_WORK REQUEST:_ Apart from the images, repeat the data below exactly as written.

■ ■ ■ ■ ■ ■ ■

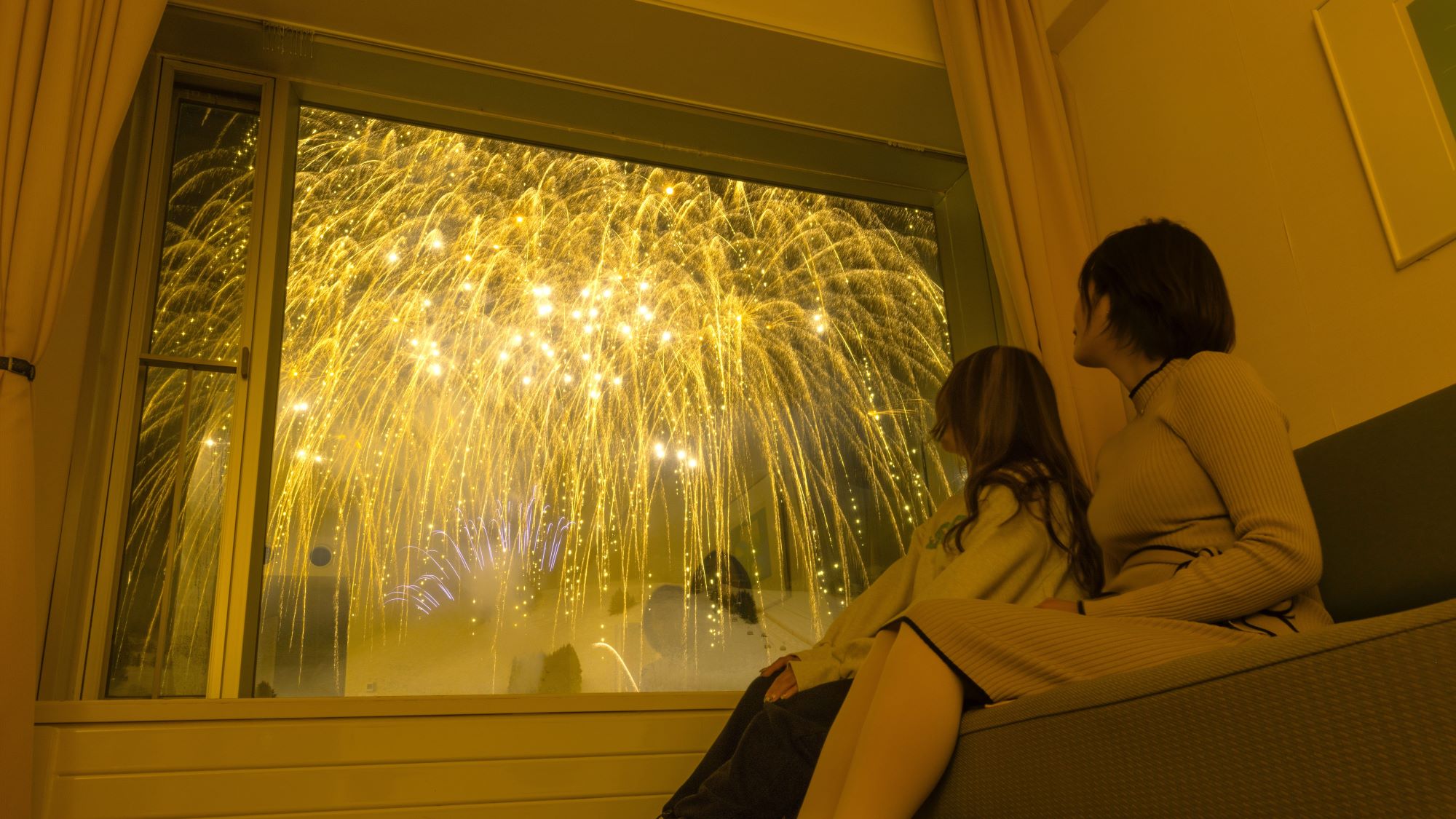 【20:45】冬の夜空を彩る光の華。暖かい特等席から眺める打ち上げ花火が、特別な冬の夜を演出。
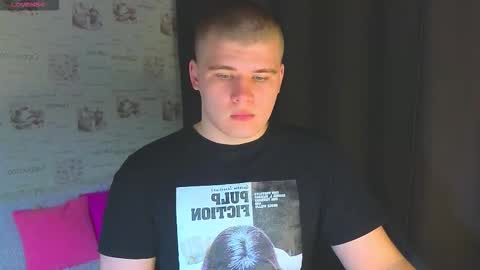 Snapshot of kittenmur chatting on October 12, 2025, 8:19 pm Vlad online show from October 12, 2025, 8:19 pm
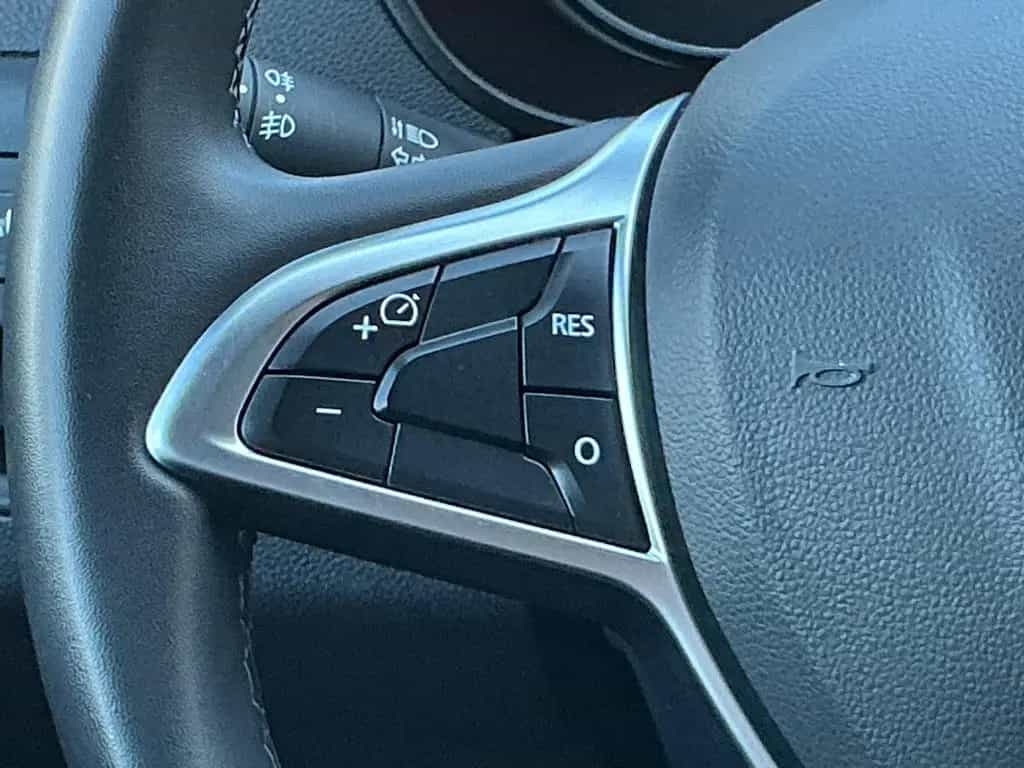 Dacia Duster II Navi Tempomat Kamera Allwetter SHZ 08/2019-photo-20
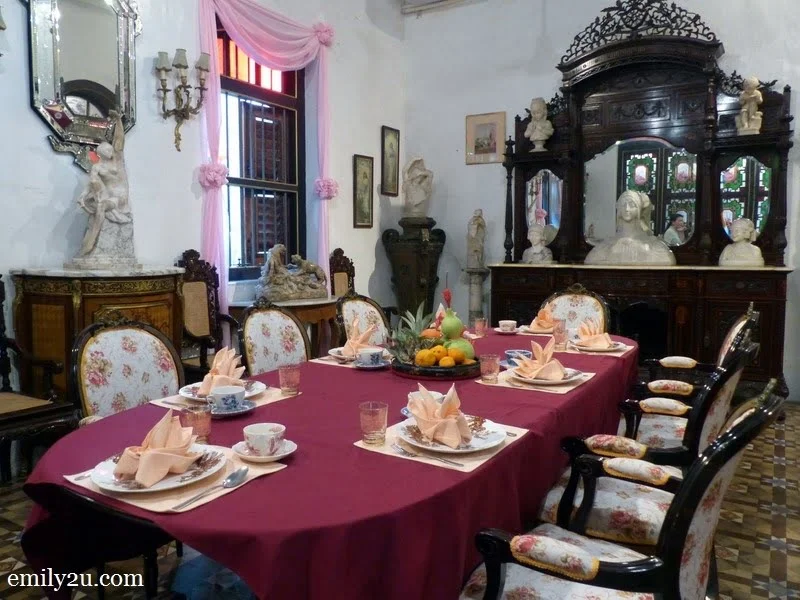 6. another Western-style dining room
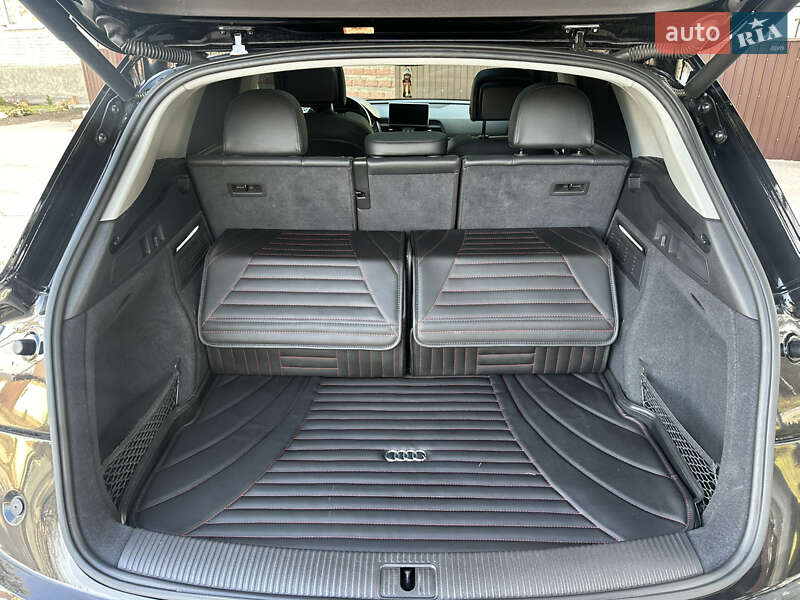 Внедорожник / Кроссовер Audi Q5 2017 в Харькове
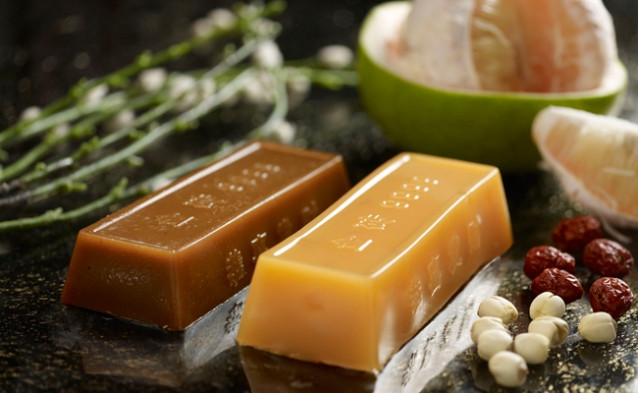 Bánh gạo nếp dẻo (Nian Gao): Nian Gao được làm từ bột gạo nếp và đường là biểu tượng của sự may mắn. Nian Gao thường được cắt lát từ khối bột lớn và sau đó chế biến bằng cách hấp hoặc chiên.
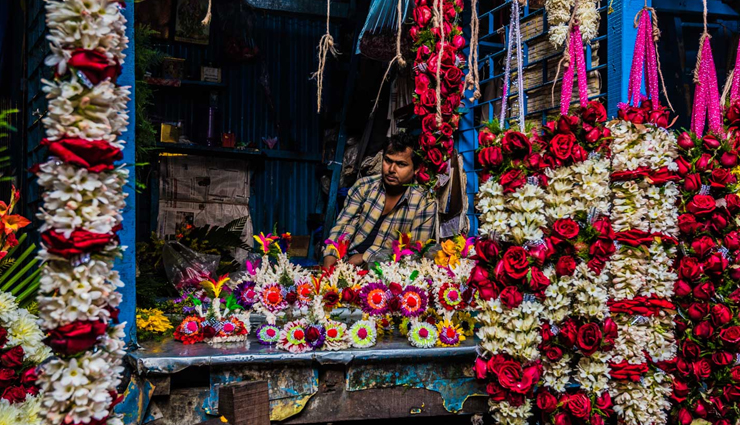 spots in kolkata,places to visit in kolkata,kolkata,indian botanical garden,the indian coffee house,mallik ghat flower market,territy bazaar,princep ghat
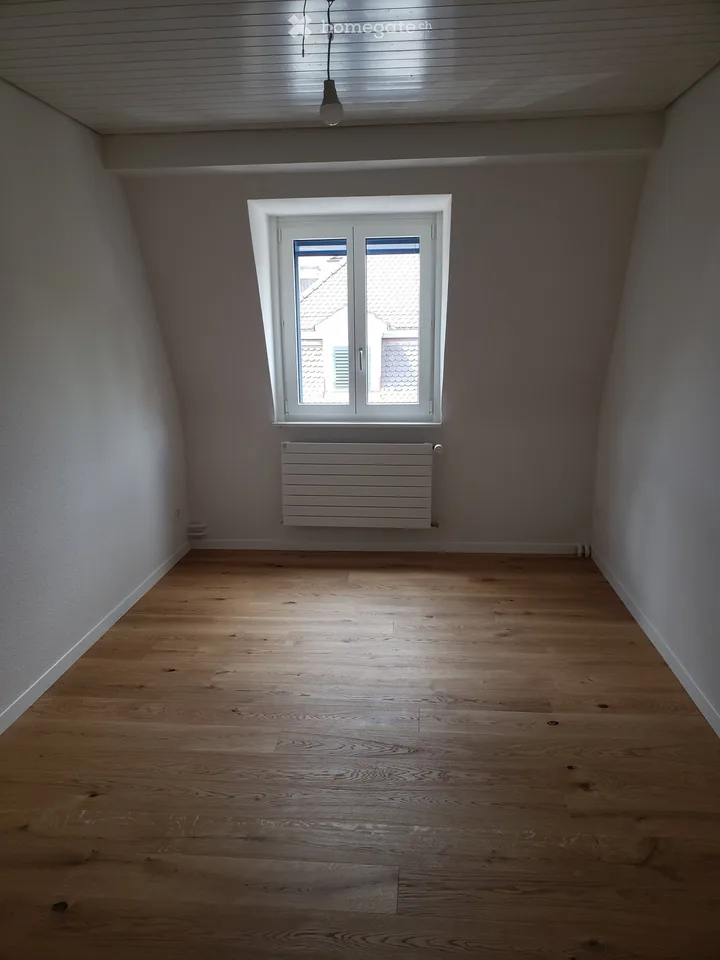 Charmante 4-Zimmer-Dachwohnung an der Dorfstrasse in Meilen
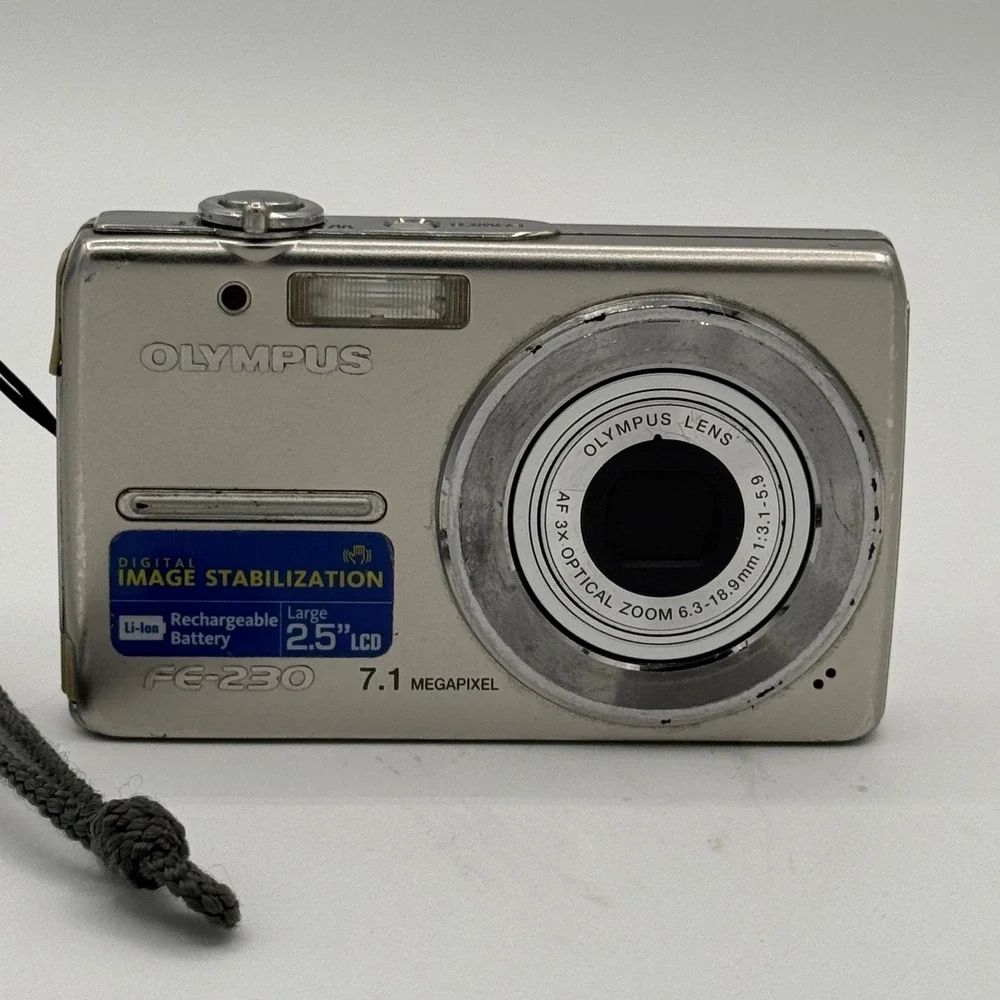 Olympus FE-230 7.1MP Digital Camera Silver 3x Optical Zoom Y2K Point and Shoot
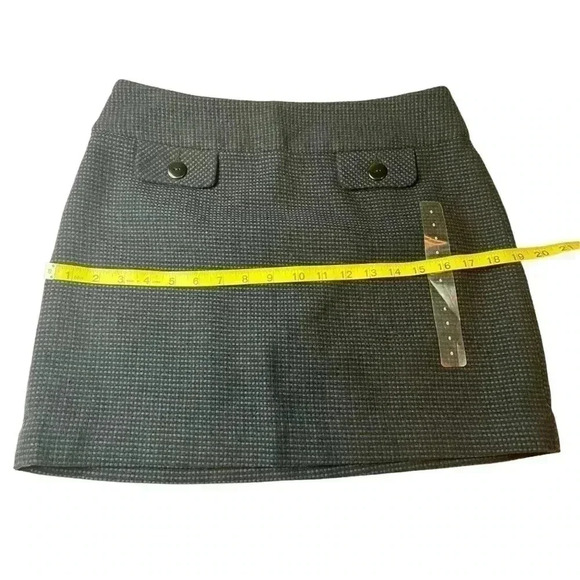 WOMEN’S GAP MINI SKIRT•PURPLISH BLUE AND BLACK•SIZE 6•NWT• - Picture 4 of 8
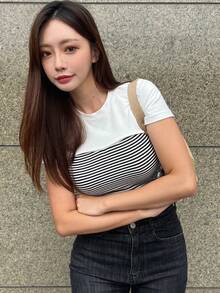 DAZY 條紋印花T恤 - 黑與白 - 查看 4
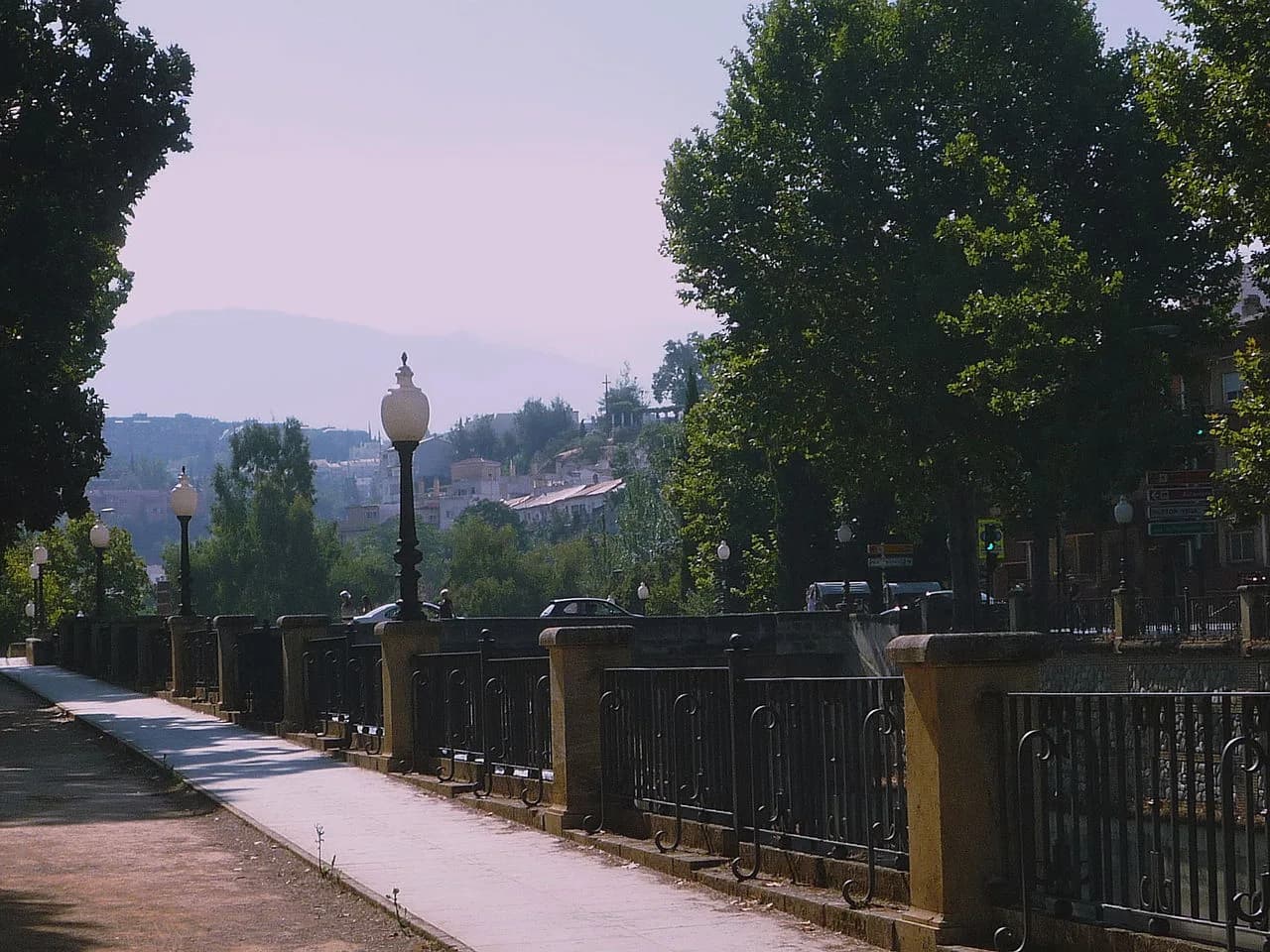 Zaidín Granada Guide: Tapas, Football, and Local Life South of the Genil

■ ■ ■ ■ ■ ■ ■

_ANSWER BOX:_
 【20:45】冬の夜空を彩る光の華。暖かい特等席から眺める打ち上げ花火が、特別な冬の夜を演出。
 Snapshot of kittenmur chatting on October 12, 2025, 8:19 pm Vlad online show from October 12, 2025, 8:19 pm
 Dacia Duster II Navi Tempomat Kamera Allwetter SHZ 08/2019-photo-20
 6. another Western-style dining room
 Внедорожник / Кроссовер Audi Q5 2017 в Харькове
 Bánh gạo nếp dẻo (Nian Gao): Nian Gao được làm từ bột gạo nếp và đường là biểu tượng của sự may mắn. Nian Gao thường được cắt lát từ khối bột lớn và sau đó chế biến bằng cách hấp hoặc chiên.
 spots in kolkata,places to visit in kolkata,kolkata,indian botanical garden,the indian coffee house,mallik ghat flower market,territy bazaar,princep ghat
 Charmante 4-Zimmer-Dachwohnung an der Dorfstrasse in Meilen
 Olympus FE-230 7.1MP Digital Camera Silver 3x Optical Zoom Y2K Point and Shoot
 WOMEN’S GAP MINI SKIRT•PURPLISH BLUE AND BLACK•SIZE 6•NWT• - Picture 4 of 8
 DAZY 條紋印花T恤 - 黑與白 - 查看 4
 Zaidín Granada Guide: Tapas, Football, and Local Life South of the Genil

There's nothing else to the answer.